There's a persistent framing that governance slows AI delivery. In I&O specifically, the opposite is true. The projects that stall usually stall because no one answered questions that governance would have forced early: Who owns the model's outputs? What data can it see? What's the rollback procedure when it's wrong? Which change-management class do AI-initiated actions fall under? Is a model-generated runbook subject to the same review as a human-authored one?

Without answers, every deployment hits the same wall at the same place — usually the first time the model does something weird in production and an SRE has to decide whether to trust it. Teams that pre-answered those questions push through. Teams that didn't spend six months negotiating after the fact, and by the time they finish, the sponsor has moved on.

Governance alignment, in practice, means three concrete things: the AI system's scope of action is written down, its failure modes have defined escalation paths, and its outputs are auditable in the same way a human operator's would be. None of this requires a committee. It requires someone to sit down for a day and write it.

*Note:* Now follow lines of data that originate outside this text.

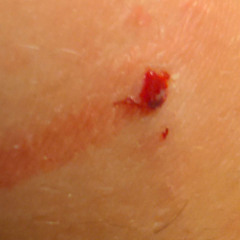skinnedknee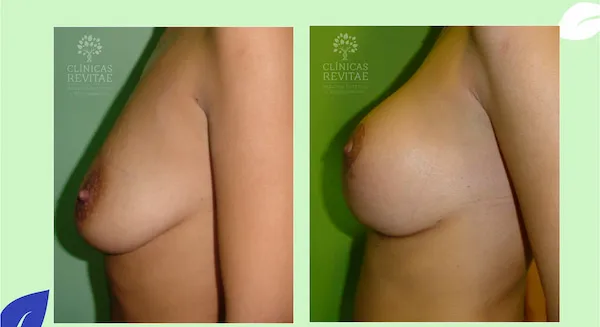 antes y después elevación de pecho en clínica de Cáceres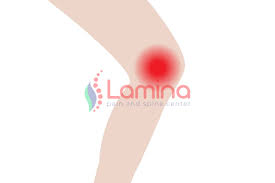 We did not find results for: Cedera Penyebab Utama Lutut Bengkak Ini Solusinya Klinik Patella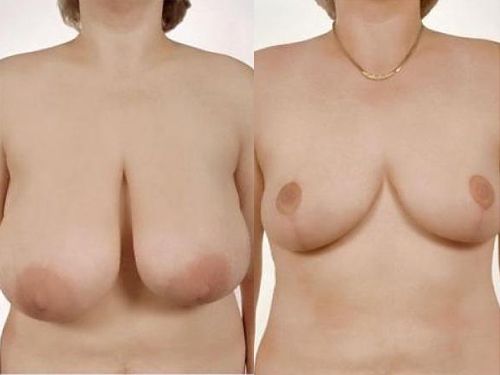 Результат коррекции формы сосков при уменьшении груди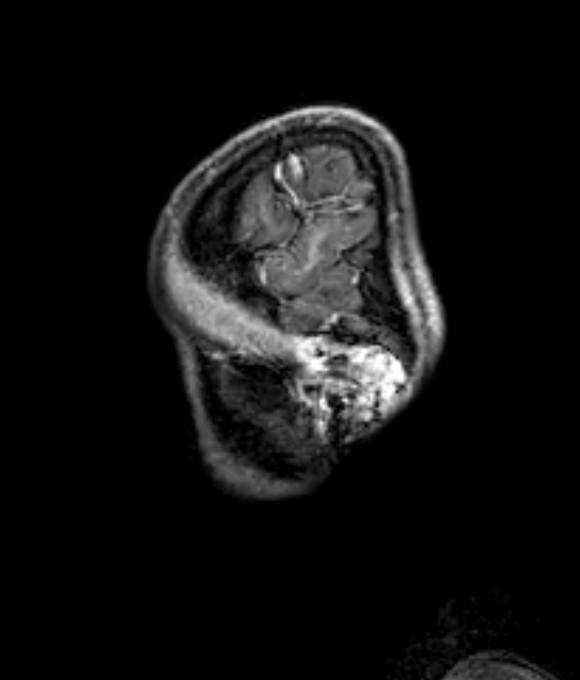 Cerebellar abscess (Radiopaedia 73727-84563 J 63).jpg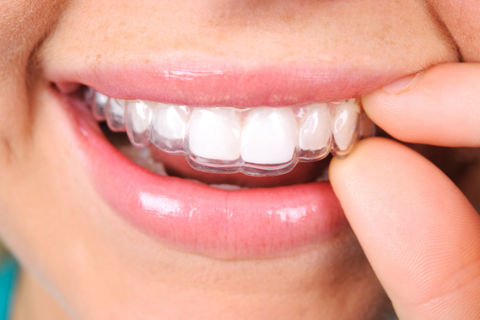 Can Retainers Fix Your Overbite?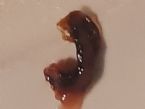 Bllood sucking nasal parasite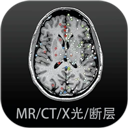 mx播放器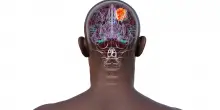 Che cos’è il glioma cerebrale dell’attrice Kelley Mack e chi colpisce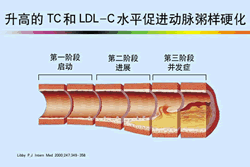 ����LDL-G�ǽ�֬���Ʒ��ι��Ĳ�����ҪĿ��ڶ���Ѫ֬�쳣ѧ�����ֻᡪ����ǰ�Ἧ��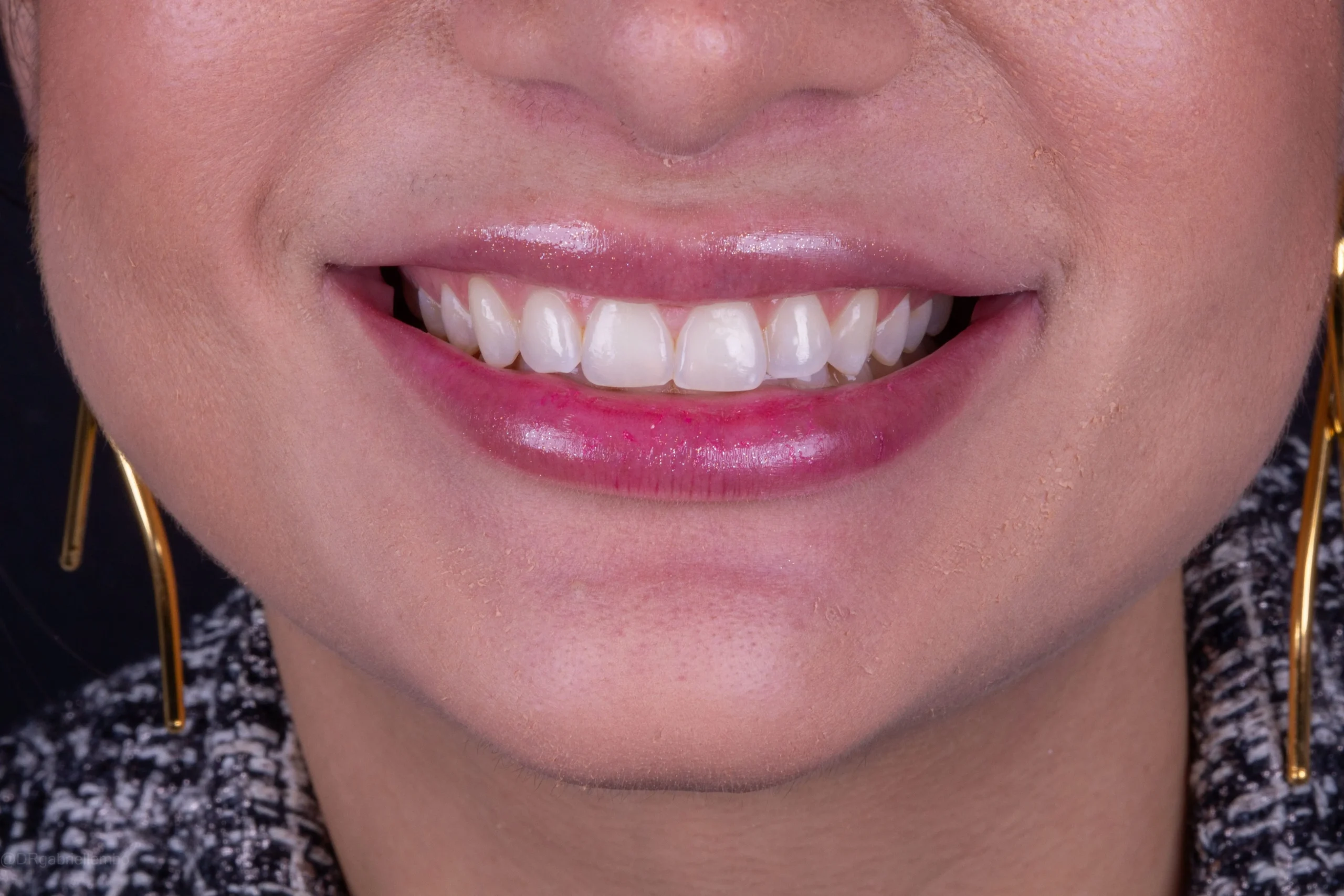 MG_2629-_1_-_1_-scaled.webp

The integration work is the work

Most of the effort in a successful I&O AI deployment isn't prompt engineering or model selection. It's the connective tissue: getting the model read access to Splunk or Datadog without punching a hole in the security model, getting write access to the ticketing system with appropriate scoping, building the evaluation harness that tells you when a model update has regressed on your specific alert taxonomy, and establishing the feedback loop where engineer corrections flow back into future prompts or fine-tuning data.

This is unglamorous. It looks like platform engineering because it is platform engineering. The organisations getting value from AI in operations are the ones that treat AI systems as another production service — with SLOs, on-call, deployment pipelines, and versioning — rather than as a demo that graduated.

This is also why frontier-model sophistication is a distraction. Upgrading from one capable model to a slightly more capable one yields marginal gains. Upgrading from "our model can't see the CMDB" to "our model can see the CMDB" yields step-function gains. The leverage is almost entirely on the integration side, and it will stay there until integration becomes commoditised — which it is not, and won't be for a while.

A useful test

Before starting an I&O AI project, a short diagnostic sorts likely winners from likely members of the 72%:

Can we name the exact operational metric this will move, and by how much?
Does the output land inside a system an engineer already uses?
Is there a written boundary for what the model can do autonomously versus what requires human approval?
Do we have a way to measure quality that doesn't depend on the model's own confidence scores?
If the model is wrong in the worst plausible way, what happens?

Four or five yeses and the project is probably worth doing. Two or three and it's probably a pilot that won't graduate. Zero or one and the budget would do more good elsewhere.

Where this leaves us

The 28% figure isn't a ceiling. It's a description of the current maturity curve. The organisations above it aren't using better models — they're doing the integration and governance work that lets ordinary models produce extraordinary operational outcomes. That's genuinely good news, because integration discipline is a learnable skill with a known shape. Frontier-model access is not a moat. Operational wiring is.

The practices that work are the practices that have always worked in platform engineering: narrow scope, real metrics, clear ownership, tight feedback loops, and writing things down. AI doesn't change the shape of that work. It just raises the payoff for doing it well.